[Extracted records]
..............................
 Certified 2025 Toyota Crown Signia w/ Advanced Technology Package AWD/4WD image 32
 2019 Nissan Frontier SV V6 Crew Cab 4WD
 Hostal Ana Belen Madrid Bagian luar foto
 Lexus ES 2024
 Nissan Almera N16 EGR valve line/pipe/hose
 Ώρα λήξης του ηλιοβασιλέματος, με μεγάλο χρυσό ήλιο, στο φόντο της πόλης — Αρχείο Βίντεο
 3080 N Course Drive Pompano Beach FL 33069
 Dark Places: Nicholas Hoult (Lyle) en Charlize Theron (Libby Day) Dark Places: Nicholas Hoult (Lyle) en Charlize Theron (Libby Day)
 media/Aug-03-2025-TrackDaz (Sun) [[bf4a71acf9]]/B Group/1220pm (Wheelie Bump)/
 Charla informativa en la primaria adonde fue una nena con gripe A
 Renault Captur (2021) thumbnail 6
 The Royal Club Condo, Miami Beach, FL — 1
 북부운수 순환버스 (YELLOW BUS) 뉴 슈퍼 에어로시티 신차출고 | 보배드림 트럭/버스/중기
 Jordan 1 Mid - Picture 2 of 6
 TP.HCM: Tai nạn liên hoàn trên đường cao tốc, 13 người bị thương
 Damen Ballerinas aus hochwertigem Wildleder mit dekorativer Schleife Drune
..............................
WORK TASK » All lines above between those holding "Lexus ES 2024" and "(Libby Day) Dark", inclusive, must be set down unchanged, and no other line may be included.

YOUR SOLUTION »
 Lexus ES 2024
 Nissan Almera N16 EGR valve line/pipe/hose
 Ώρα λήξης του ηλιοβασιλέματος, με μεγάλο χρυσό ήλιο, στο φόντο της πόλης — Αρχείο Βίντεο
 3080 N Course Drive Pompano Beach FL 33069
 Dark Places: Nicholas Hoult (Lyle) en Charlize Theron (Libby Day) Dark Places: Nicholas Hoult (Lyle) en Charlize Theron (Libby Day)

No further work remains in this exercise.